How to build floor in garage attic?

I want to add storage space above our 2-car garage by building a floor in the garage's attic and adding some drop-down stairs, so it's easy to get to the garage's attic.
Problem is the attic has 2x4 engineered trusses spaced every 2 feet apart, so I would have to add joists to support the weight of the floor, the weight of anyone walking up there, as well as the weight of the boxes and things that I'll be storing up there. I'm planning on using 3/4 or 1 inch plywood for the flooring in the garage attic.

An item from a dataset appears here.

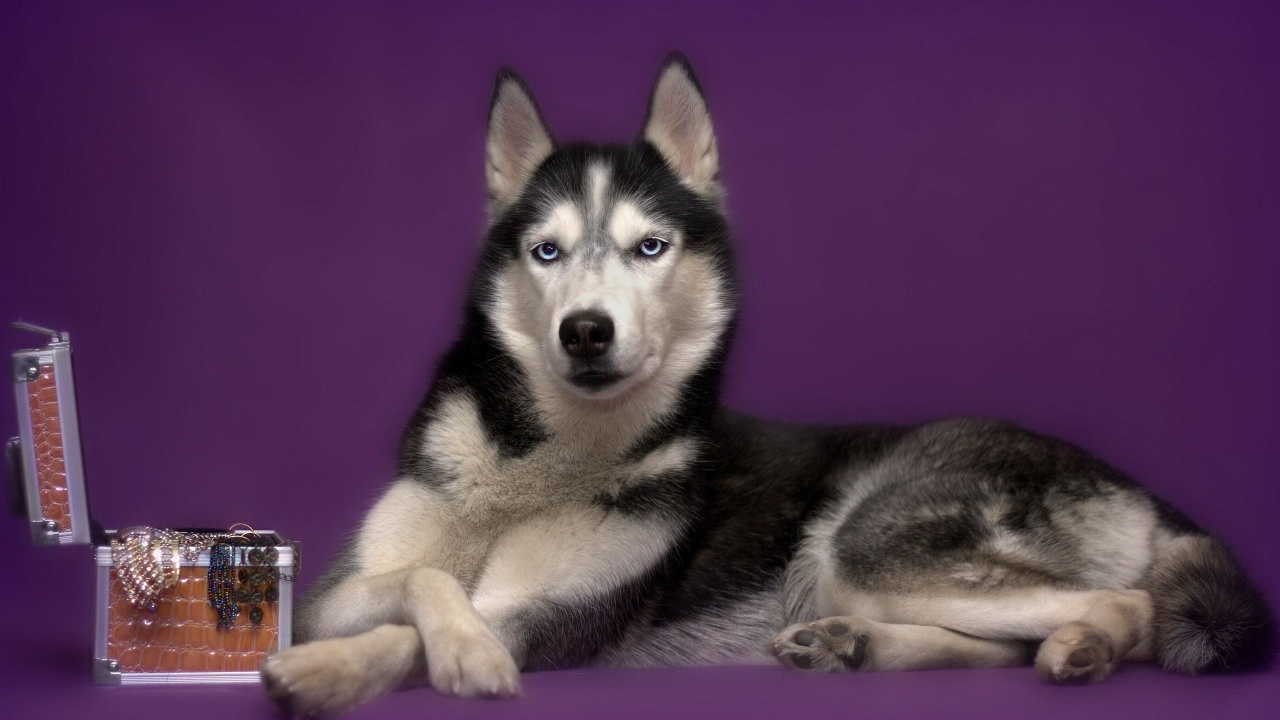 Обои аляскинский маламут, щенок, ездовая собака, Сахалинская хаски, миниатюрный Сибирский хаски в разрешении 1280x720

The garage is 22 feet wide (the trusses go this way, so the trusses span 22 feet) and 20 feet deep. Would I need some kind of beam going down the middle to support the additional joists, so they wouldn't have to span the full 22 feet?
What's the easiest way to add and support joists and a floor in a 2-car garage attic? The 2x4 trusses are, of course, resting on the walls of the garage, and there doesn't really appear to be a way to put any taller boards for joists (i.e., 2x8s or 2x10s) between the roof and the top of the garage walls since the only thing that will fit there now is the 2x4 ends of the trusses. It would be nice if I could just add 2x4s to the bottom of the trusses to make those thicker and stronger to support a floor, since they would fit perfectly between the tops of the walls and the roof, but since the trusses are spaced every 24 inches, rather than every 16 inches, as normal joists would be spaced, I'm guessing that won't work.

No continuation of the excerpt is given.